■ PROBLEM TO SOLVE ■
If a line in the entries below contains "WiFi", copy it.

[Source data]
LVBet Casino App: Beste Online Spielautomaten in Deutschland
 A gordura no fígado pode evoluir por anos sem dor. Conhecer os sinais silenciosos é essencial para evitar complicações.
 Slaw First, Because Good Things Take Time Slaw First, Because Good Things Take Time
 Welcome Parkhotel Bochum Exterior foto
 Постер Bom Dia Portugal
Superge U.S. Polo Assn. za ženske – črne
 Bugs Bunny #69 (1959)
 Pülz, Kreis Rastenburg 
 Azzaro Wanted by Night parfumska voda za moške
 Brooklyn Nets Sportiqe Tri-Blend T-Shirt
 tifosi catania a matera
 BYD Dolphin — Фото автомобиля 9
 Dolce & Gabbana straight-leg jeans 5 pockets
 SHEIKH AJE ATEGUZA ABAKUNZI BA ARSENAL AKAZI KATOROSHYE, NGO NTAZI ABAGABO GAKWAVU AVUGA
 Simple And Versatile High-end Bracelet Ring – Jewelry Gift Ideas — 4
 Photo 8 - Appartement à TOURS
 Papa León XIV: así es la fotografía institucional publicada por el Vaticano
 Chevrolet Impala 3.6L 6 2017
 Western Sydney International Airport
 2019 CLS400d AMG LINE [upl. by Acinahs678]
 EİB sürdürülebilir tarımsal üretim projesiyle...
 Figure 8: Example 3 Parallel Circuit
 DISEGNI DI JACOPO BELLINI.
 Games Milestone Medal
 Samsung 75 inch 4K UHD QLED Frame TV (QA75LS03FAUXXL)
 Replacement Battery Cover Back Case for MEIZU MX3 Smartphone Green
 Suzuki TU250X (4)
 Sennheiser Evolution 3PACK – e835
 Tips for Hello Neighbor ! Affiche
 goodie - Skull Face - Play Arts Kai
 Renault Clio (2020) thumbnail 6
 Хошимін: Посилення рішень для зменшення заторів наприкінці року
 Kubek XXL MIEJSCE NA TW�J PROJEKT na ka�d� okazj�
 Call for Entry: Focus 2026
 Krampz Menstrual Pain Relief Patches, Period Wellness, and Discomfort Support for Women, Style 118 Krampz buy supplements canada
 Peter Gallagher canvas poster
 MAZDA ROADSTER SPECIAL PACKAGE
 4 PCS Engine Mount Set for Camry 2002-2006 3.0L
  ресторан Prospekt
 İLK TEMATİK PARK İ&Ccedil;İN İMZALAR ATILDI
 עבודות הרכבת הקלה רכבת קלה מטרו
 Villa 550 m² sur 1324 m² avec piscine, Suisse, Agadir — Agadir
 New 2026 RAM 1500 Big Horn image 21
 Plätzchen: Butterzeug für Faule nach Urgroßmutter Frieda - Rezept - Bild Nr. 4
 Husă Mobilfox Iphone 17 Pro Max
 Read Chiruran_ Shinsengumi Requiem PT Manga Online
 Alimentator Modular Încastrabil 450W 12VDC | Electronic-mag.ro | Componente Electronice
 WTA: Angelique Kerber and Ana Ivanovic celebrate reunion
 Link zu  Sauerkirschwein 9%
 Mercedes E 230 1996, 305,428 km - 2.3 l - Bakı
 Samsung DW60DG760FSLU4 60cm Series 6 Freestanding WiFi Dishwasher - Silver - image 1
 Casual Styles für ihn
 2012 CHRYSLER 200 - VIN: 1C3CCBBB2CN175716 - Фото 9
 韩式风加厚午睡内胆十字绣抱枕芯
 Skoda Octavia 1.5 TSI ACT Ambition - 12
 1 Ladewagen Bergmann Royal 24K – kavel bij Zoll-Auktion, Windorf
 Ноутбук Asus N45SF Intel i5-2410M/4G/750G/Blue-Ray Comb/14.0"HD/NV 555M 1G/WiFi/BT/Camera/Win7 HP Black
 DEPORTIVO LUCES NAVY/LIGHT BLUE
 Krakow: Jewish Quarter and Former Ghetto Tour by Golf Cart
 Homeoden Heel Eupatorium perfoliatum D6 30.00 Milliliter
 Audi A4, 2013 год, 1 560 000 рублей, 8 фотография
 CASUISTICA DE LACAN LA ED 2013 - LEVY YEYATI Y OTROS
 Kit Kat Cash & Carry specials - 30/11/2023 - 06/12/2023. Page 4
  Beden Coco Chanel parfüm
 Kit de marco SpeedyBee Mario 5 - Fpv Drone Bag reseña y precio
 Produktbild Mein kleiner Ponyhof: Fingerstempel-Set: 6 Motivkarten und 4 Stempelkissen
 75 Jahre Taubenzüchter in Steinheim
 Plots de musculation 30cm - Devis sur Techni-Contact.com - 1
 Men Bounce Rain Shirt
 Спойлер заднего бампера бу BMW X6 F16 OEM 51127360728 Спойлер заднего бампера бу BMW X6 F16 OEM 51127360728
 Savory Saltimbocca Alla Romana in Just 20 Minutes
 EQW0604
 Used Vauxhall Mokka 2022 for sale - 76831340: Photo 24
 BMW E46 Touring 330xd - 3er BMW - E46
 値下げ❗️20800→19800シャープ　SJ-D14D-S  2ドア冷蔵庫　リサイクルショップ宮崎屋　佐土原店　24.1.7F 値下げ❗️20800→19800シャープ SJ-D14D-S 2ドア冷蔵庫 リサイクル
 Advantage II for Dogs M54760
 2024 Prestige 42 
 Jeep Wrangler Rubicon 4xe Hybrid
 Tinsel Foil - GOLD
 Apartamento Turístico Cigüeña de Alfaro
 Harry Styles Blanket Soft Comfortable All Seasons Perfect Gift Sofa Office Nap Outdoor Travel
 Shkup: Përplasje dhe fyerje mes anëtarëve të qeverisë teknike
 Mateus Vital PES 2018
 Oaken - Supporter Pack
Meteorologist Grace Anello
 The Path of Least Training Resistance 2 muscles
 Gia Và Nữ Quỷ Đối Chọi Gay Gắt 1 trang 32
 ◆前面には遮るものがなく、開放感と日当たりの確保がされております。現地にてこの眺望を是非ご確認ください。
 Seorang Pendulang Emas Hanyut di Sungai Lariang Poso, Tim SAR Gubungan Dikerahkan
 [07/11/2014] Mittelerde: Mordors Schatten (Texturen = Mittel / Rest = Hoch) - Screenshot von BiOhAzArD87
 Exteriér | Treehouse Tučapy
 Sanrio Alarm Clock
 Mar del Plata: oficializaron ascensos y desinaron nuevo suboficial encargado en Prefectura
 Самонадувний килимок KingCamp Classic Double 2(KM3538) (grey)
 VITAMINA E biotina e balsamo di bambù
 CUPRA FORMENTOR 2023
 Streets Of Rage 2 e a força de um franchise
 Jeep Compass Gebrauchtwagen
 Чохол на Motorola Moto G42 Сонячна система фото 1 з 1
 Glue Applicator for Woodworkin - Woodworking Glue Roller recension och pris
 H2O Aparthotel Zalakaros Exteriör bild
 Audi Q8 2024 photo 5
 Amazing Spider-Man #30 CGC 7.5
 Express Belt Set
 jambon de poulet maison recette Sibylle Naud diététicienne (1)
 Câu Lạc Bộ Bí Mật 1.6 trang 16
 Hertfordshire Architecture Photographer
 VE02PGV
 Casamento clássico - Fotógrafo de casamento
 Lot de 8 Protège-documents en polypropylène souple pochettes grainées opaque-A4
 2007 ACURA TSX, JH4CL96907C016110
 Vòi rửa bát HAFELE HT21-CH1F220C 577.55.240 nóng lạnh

■ SOLVED PROBLEM ■
 Samsung DW60DG760FSLU4 60cm Series 6 Freestanding WiFi Dishwasher - Silver - image 1
 Ноутбук Asus N45SF Intel i5-2410M/4G/750G/Blue-Ray Comb/14.0"HD/NV 555M 1G/WiFi/BT/Camera/Win7 HP Black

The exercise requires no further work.